* What is needed
Leave out the pictures and repeat everything else in the records exactly.

● ● ● ●

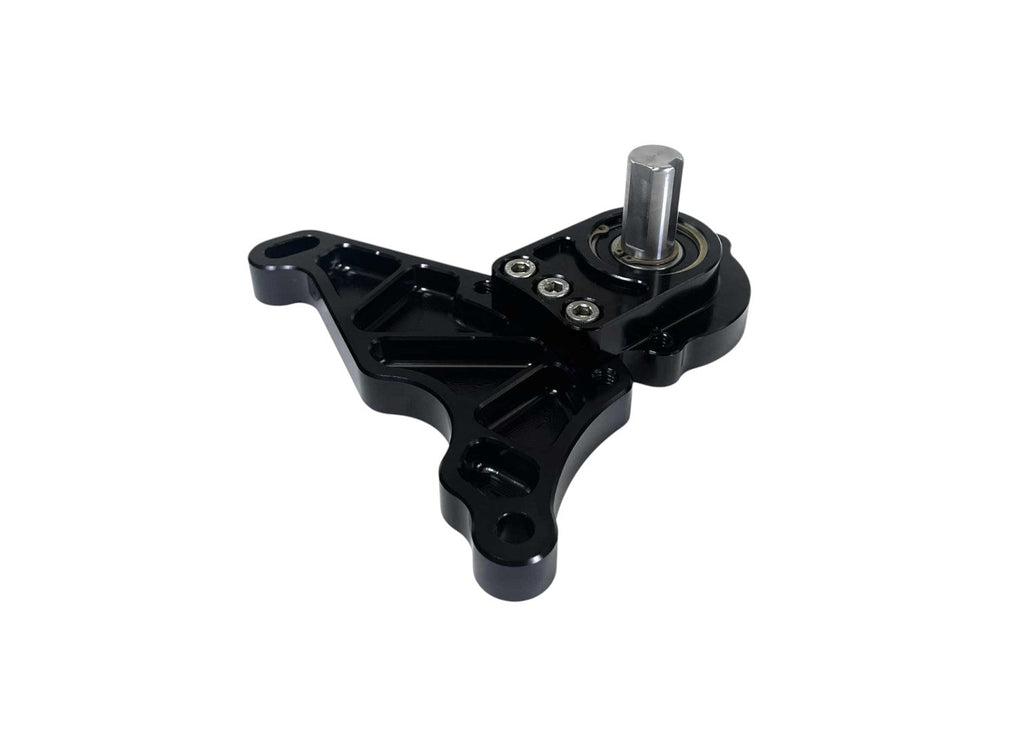 Coyote Ford Mechanical Fuel Pump Drive Kit - Motion Raceworks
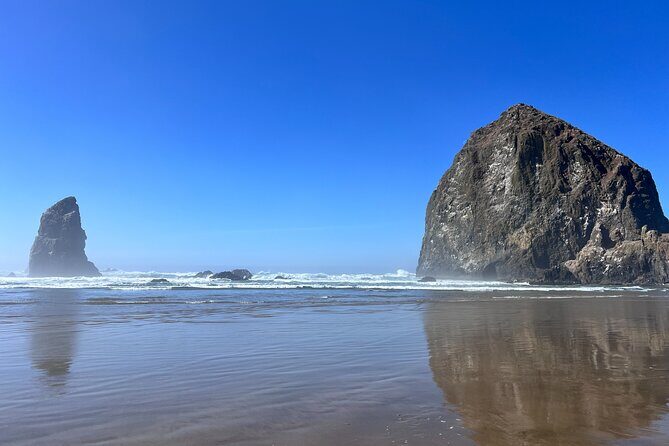 Private Full Day Tour Oregon Coast - FAQ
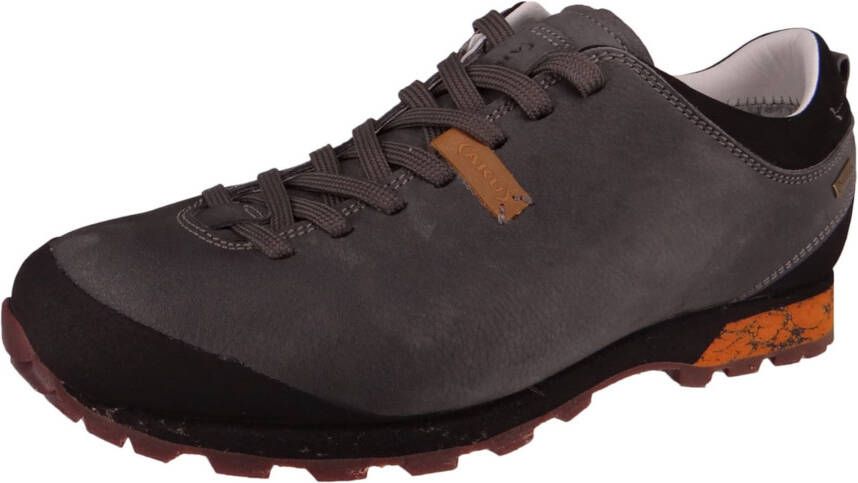Aku Bellamont III Nbk Goretex Wandelschoenen Grey Heren - Foto 2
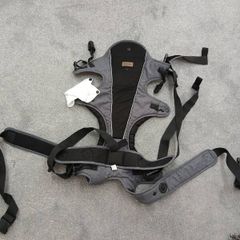 Nuby 3 in 1 Baby Carrier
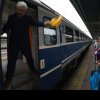 Trenul România se pregătește pentru călătoriile estivale. Rute zilnice între Bucureşti şi Istanbul/Halkali, Varna, Sofia şi retur, din 14 iunie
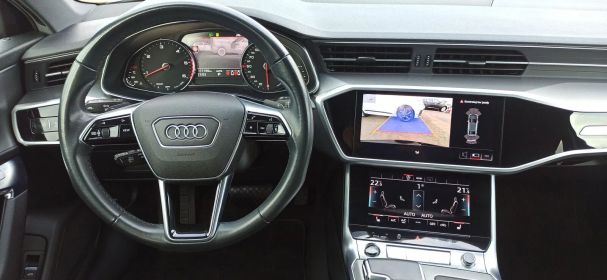 Audi A6 150 kW image number 10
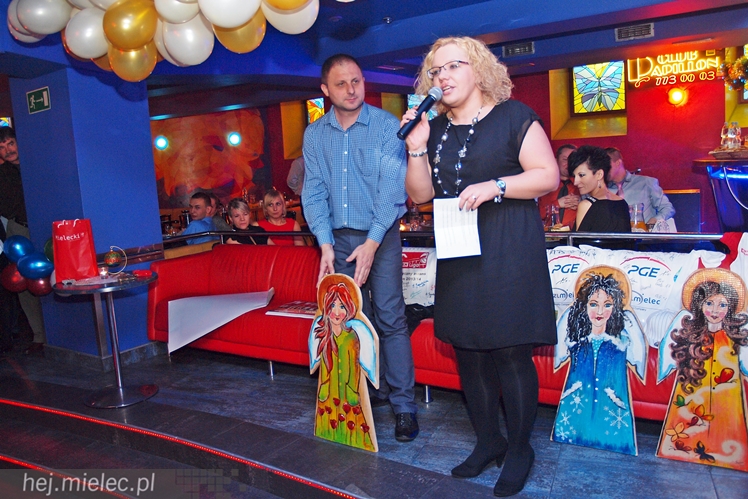 Bal Charytatywny dla małego Filipka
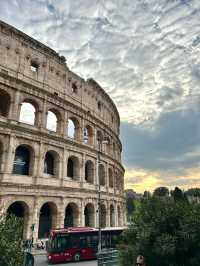 Rome my love 🥰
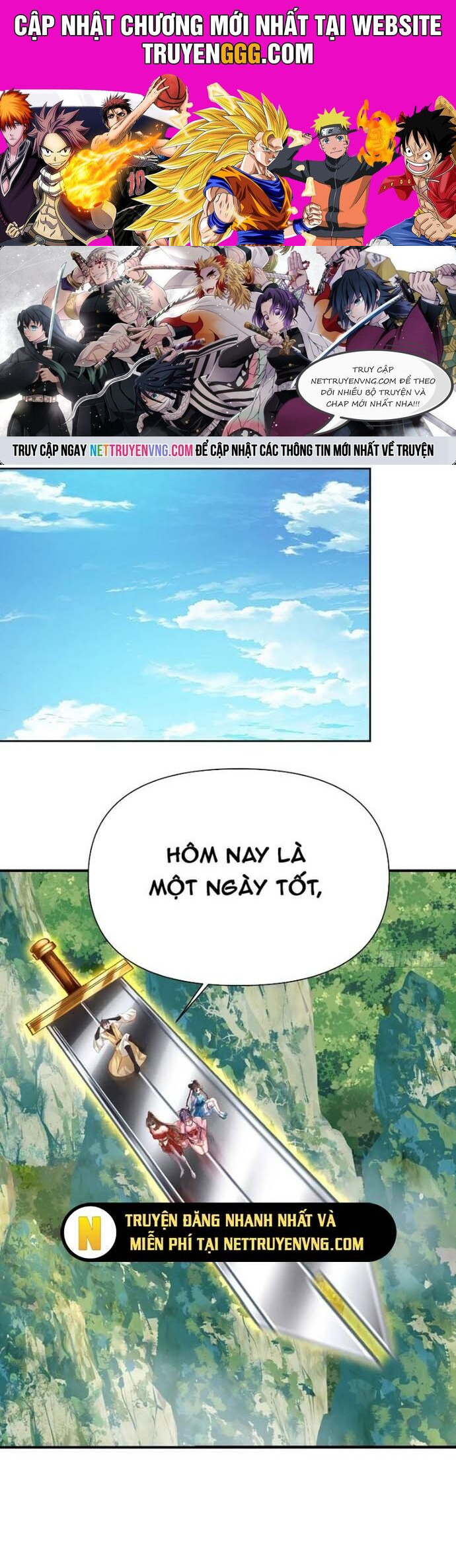 Đệ Tử Siêu Thần Ta Nằm Không, Tông Môn Hủy Diệt Ta Vô Địch Chương 57 Ảnh 2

● ● ● ●

* Output of the task
 Coyote Ford Mechanical Fuel Pump Drive Kit - Motion Raceworks
 Private Full Day Tour Oregon Coast - FAQ
Aku Bellamont III Nbk Goretex Wandelschoenen Grey Heren - Foto 2
 Nuby 3 in 1 Baby Carrier
 Trenul România se pregătește pentru călătoriile estivale. Rute zilnice între Bucureşti şi Istanbul/Halkali, Varna, Sofia şi retur, din 14 iunie
 Audi A6 150 kW image number 10
 Bal Charytatywny dla małego Filipka
 Rome my love 🥰
 Đệ Tử Siêu Thần Ta Nằm Không, Tông Môn Hủy Diệt Ta Vô Địch Chương 57 Ảnh 2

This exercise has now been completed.